« My Local Resolutions for 2008 | Home | Maximizing Pay-Per-Phone-Call for The Local Businesses That You Serve »
Anatomy of a Fuzzy Space
By Matthew Berk | January 9, 2008
Ian White of Urban Mapping today announced that portions of his fantastic data set are open to developers for free. In the local field, Ian is a great thinker when it comes to the intersection of hard data and human perception, and his company has focused on trying to define fuzzy boundaries for perceived local spaces: neighborhoods. The work of Urban Mapping, which relies on a distributed pool of local knowledge, is a rare bird in the geospatial data world, since neighborhood boundaries are by definition fuzzy — and this kind of thinking doesn’t necessarily compute well among folks with, how shall I put it, a strict training in the field.
Back in 2004, when Open List was cutting its teeth on our first national collection of local businesses, we ran smack into the problem of trying to define neighborhoods for areas we didn’t know. For the first three markets we entered, we defined sets of very complex mappings between ZIP codes, town names, and neighborhoods. The results were, predictably, rough and inadequate. When we went national, we gave ourselves the simple constraints that we a) couldn’t afford to pay for a labor pool to help us with the work, and b) required greater local sensitivity than ZIP code maps could ever provide.

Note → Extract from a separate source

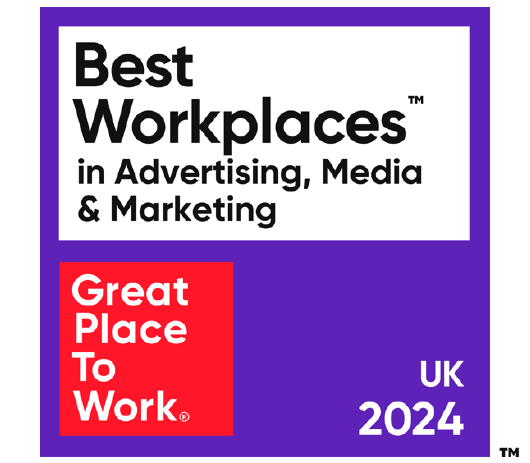 Best Workplaces in Advertising, Media and Marketing, Great Place to Work UK 2024 Logo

Without being able to pay folks for local expertise, it was really going to be difficult to scale nationally with the kind of sensitivity to place we wanted, and this kept me up at night. At the time, I was living 24 stories up, in New York City, with nice views south and west from the desk I sat at when I wasn’t in the office. And in one of those small dramatic moments I’ll not forget, I looked south, thinking about the restaurants I liked in my neighborhood (the Upper East Side), and how generally, they all sat within a blob of space I could see and delineate from above. If I cast my eyes farther south, I could easily imagine other places I frequented in my old neighborhood, Midtown East; a slight movement right with the eyes, and there would be the places I liked to meet people for lunch, in Midtown. Looking across Central Park, there was yet another cluster of dinner favorites, all on the Upper West Side.
From my bird’s eye perch, it was as if I were seeing a map of the city, with points designating businesses I knew, in neighborhoods I knew, across a conceptual and visual grid. I reasoned that if I went to a new restaurant that was somewhere between two known places in the same neighborhood, I’d most likely still be in that neighborhood. By having a known sample of businesses in neighborhoods I knew, I could build a two-dimensional map that would help me identify the neighborhoods of unknown, new places.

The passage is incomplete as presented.